As faithful readers know, I will experiment with things now and then. I've launched skyrockets carrying doodlebugs for pilots and buried their dead doodle bodies under rocks. When I was about 12 years old, I blew up a homemade tower and gantry, causing people in my old hometown to believe they'd felt an earthquake. A few years back, I set two plug-in air fresheners on fire. The smoke clung to wife Brenda, and to this day she smells a little bit like apple-cinnamon air freshener.
So y'all shouldn't be surprised that I opened up a few compact fluorescent bulbs, just to see what's in there. You want to know what's in there?

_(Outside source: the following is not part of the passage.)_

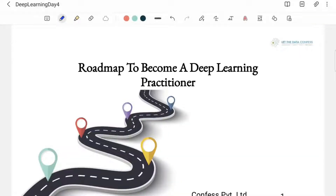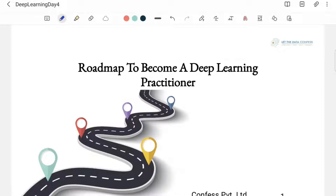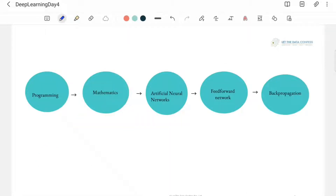Welcome to the Day 4 session. Today we are going to learn about the roadmap you need to follow to become a deep learning practitioner or deep learning engineer. So far we have discussed neural networks and use case studies, but if you want to get a job as a deep learning engineer, there is a specific order in which you should learn things.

Check this picture. There's a circuit board, resistors, diodes, capacitors, wires and a whole bunch of other things I don't recognize. Does this look like a light bulb to you?
It shouldn't look like a light bulb exactly, because it's just part of a light bulb. What you see is a circuit board, harvested from a CFL bulb. These circuit boards sometimes overheat. Why do they overheat, you may ask? Well, they can get hot if they're hooked up to a dimmer. A lot of homeowners have CFL bulbs hooked up to dimmers. Turn up the dimmers in a circuit with a CFL on the other end, and the guts of your CFL will get hot, then smoke or maybe even catch fire.
Note to Nashville Cats: Some of the parts on a CFL circuit board can be repurposed to upgrade guitar players' stompboxes. Do we really need stompbox parts in a light bulb? I don't think so. I say let NASA give all the world's CFL bulbs a rocket ride to the sun and let us citizens continue to use our tried-and-true high-functioning old-school light bulbs.
The best example of an exceptional old-school bulb is the "Centennial Light," the world's longest-lasting light bulb, which is now in its 110th year. Last time I checked, the bulb was located at Fire Station 6 in Livermore, Calif. The bulb has its own fan page, www.centennialbulb.org.
Best I can tell, old-school bulbs work just fine. They worked for Thomas Edison, and they've worked for me. You can eat an incandescent light bulb — not that you'd want to. But if you're curious, go to YouTube and search for "eat light bulb." There, you'll be able to see a fair number of geeks eat — or at least chew up and spit out — incandescent light bulbs.
Bulb-eating geeks, don't say I didn't warn you. If you just can't resist the urge to eat a light bulb, I say stick to the mercury-free ones, mix a few slabs of cornbread in with the broken glass and wash it all down with buttermilk.